I get the following answer to 50 decimal places
0.64731643604975767318804860342485318214921593659347
This method would not be feasible for much larger values of $m$ and $n$.
ADDED
As there appears to be some skepticism as to the accuracy of this answer, I ran my own Monte-Carlo approximation (in C using the GSL, I used something other than R to avoid any problems that R may have provided, and avoided python because the heat death of the universe is happening any time now). In $10^7$ ejecuta tengo 6471264
hits. Esto parece estar de acuerdo con mi cuenta, y es considerablemente en desacuerdo con whubers. El código para el Monte-carlo se adjunta.
He terminado una carrera de 10^8 ensayos y han conseguido 64733136 éxitos para una probabilidad de 0.64733136. Estoy bastante seguro de que las cosas están funcionando correctamente.
#include <stdio.h>
#include <stdlib.h>
#include <gsl/gsl_rng.h>
const gsl_rng_type * T;
gsl_rng * r;
int
testrand(int cells, int balls, int limit, int runs) {
int run;
int count = 0;
int *array = malloc(cells * sizeof(int));
for (run =0; run < runs; run++) {
int i;
int hit = 0;
for (i = 0; i < cells; i++) array[i] = 0;
for (i = 0; i < balls; i++) {
array[gsl_rng_uniform_int(r, cells)]++;
}
for (i = 0; i < cells; i++) {
if (array[i] >= limit) {
hit = 1;
break;
}
}
count += hit;
}
free(array);
return count;
}
int
main (void)
{
int i, n = 10;
gsl_rng_env_setup();
T = gsl_rng_default;
r = gsl_rng_alloc (T);
for (i = 0; i < n; i++)
{
printf("%d\n", testrand(300, 3000, 20, 10000000));
}
gsl_rng_free (r);
return 0;
}
AÚN MÁS
Nota: esto debe ser un comentario a probabilityislogic la respuesta, pero no caben.
Cosificación probabilityislogic la respuesta (principalmente por curiosidad), esta vez en R porque un tonto inconsistencia es el hobgoblin de grandes mentes, o algo así. Esta es la aproximación normal de la Levin papel (el Edgeworth de expansión debe ser sencillo, pero es más escribiendo que estoy dispuesto a gastar)

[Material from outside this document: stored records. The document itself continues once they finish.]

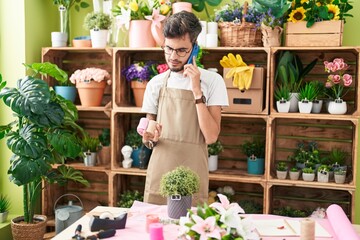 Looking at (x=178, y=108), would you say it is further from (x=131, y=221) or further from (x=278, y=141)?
(x=278, y=141)

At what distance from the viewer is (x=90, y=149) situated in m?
3.82

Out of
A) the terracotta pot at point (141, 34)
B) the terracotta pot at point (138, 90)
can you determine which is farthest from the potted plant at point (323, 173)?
the terracotta pot at point (141, 34)

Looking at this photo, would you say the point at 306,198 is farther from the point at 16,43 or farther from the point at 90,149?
the point at 16,43

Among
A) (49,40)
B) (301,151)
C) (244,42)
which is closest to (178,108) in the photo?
(244,42)

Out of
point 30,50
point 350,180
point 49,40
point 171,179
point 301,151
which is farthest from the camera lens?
point 49,40

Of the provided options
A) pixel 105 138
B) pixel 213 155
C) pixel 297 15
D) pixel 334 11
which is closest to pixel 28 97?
pixel 105 138

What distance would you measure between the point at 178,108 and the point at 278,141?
4.69ft

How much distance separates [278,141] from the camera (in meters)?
3.77

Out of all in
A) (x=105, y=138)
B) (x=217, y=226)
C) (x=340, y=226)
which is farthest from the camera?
(x=105, y=138)

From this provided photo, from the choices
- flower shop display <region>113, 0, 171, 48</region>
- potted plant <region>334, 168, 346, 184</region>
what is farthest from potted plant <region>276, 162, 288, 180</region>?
flower shop display <region>113, 0, 171, 48</region>

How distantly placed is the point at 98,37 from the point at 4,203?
1528mm

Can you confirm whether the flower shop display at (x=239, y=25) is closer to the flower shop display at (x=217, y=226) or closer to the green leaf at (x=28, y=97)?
the green leaf at (x=28, y=97)

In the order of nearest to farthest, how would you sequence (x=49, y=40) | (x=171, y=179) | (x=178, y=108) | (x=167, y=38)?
(x=171, y=179)
(x=167, y=38)
(x=178, y=108)
(x=49, y=40)

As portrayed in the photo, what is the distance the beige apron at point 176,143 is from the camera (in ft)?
8.46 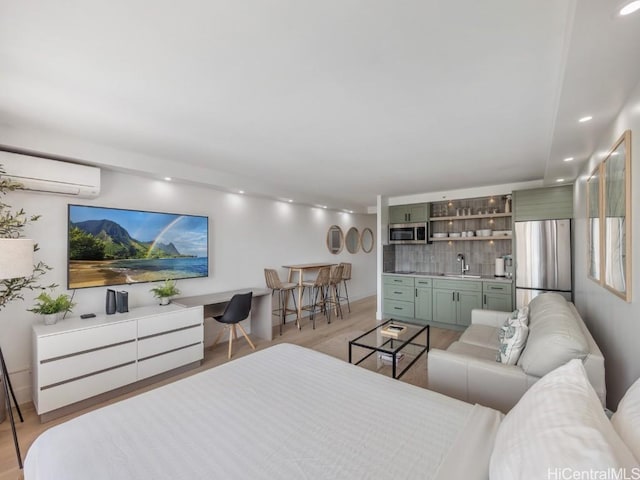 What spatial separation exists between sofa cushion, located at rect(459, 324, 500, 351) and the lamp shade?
3.68 m

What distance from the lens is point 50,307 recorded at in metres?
2.56

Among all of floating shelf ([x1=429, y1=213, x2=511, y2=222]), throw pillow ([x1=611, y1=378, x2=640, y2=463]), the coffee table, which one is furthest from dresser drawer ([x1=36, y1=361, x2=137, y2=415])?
floating shelf ([x1=429, y1=213, x2=511, y2=222])

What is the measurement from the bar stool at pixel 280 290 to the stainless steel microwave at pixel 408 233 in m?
2.21

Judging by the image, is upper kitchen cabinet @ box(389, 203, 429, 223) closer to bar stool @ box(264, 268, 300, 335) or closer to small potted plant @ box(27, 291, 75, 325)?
bar stool @ box(264, 268, 300, 335)

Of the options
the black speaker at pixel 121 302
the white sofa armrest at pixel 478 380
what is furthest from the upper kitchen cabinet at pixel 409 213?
the black speaker at pixel 121 302

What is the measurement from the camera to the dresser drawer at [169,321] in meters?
2.84

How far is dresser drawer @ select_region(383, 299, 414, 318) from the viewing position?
5172mm

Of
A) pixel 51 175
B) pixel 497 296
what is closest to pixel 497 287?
pixel 497 296

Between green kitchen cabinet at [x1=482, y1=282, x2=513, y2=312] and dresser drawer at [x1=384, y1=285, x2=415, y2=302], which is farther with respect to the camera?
dresser drawer at [x1=384, y1=285, x2=415, y2=302]

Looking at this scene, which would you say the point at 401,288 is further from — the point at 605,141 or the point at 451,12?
the point at 451,12

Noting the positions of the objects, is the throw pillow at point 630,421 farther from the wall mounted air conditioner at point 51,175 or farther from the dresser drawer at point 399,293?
the dresser drawer at point 399,293

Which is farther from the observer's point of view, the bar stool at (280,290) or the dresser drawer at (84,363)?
the bar stool at (280,290)

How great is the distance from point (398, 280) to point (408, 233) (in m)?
0.93

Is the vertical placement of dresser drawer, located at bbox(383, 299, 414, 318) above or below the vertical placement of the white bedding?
below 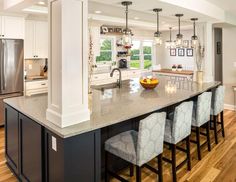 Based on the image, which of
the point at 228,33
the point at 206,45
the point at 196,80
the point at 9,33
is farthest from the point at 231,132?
the point at 9,33

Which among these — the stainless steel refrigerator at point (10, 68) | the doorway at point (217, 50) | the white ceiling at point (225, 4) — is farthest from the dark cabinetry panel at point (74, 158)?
the doorway at point (217, 50)

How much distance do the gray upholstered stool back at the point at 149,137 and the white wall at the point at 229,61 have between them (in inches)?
187

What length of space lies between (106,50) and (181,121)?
5.31 m

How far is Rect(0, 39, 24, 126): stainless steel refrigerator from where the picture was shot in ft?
15.6

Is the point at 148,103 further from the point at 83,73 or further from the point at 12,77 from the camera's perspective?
the point at 12,77

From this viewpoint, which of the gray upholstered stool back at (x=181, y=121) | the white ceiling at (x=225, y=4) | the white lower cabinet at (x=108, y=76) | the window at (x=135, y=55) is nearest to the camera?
the gray upholstered stool back at (x=181, y=121)

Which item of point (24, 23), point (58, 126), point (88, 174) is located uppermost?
point (24, 23)

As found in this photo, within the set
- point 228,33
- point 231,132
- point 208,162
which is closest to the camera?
point 208,162

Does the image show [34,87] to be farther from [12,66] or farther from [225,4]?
[225,4]

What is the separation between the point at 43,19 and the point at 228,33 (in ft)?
16.3

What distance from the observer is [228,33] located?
20.6 ft

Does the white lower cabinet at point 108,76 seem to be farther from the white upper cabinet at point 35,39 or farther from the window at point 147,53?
the white upper cabinet at point 35,39

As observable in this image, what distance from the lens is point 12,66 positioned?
192 inches

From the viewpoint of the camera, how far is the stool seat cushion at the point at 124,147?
2.33m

# an implementation of the Bruce Levin article here limit is the upper limit on
# bin size that does not count
approxNorm <- function(balls, cells, limit) {
# using N=s
sp <- balls / cells
mu <- sp * (1 - dpois(limit, sp) / ppois(limit, sp))
sig2 <- mu - (limit - mu) * (sp - mu)
x <- (balls - cells * mu) / sqrt(cells * sig2)
p2 <- exp(-x^2 / 2)/sqrt(2 * pi * cells * sig2)
p1 <- exp(ppois(limit, sp, log.p=TRUE) * cells)
sqrt(2 * pi * balls) * p1 * p2
}
y 1 - approxNorm(3000, 300, 19)
nos da $p(3000, 300, 20) \approx 0.6468276$ lo que no es malo en absoluto.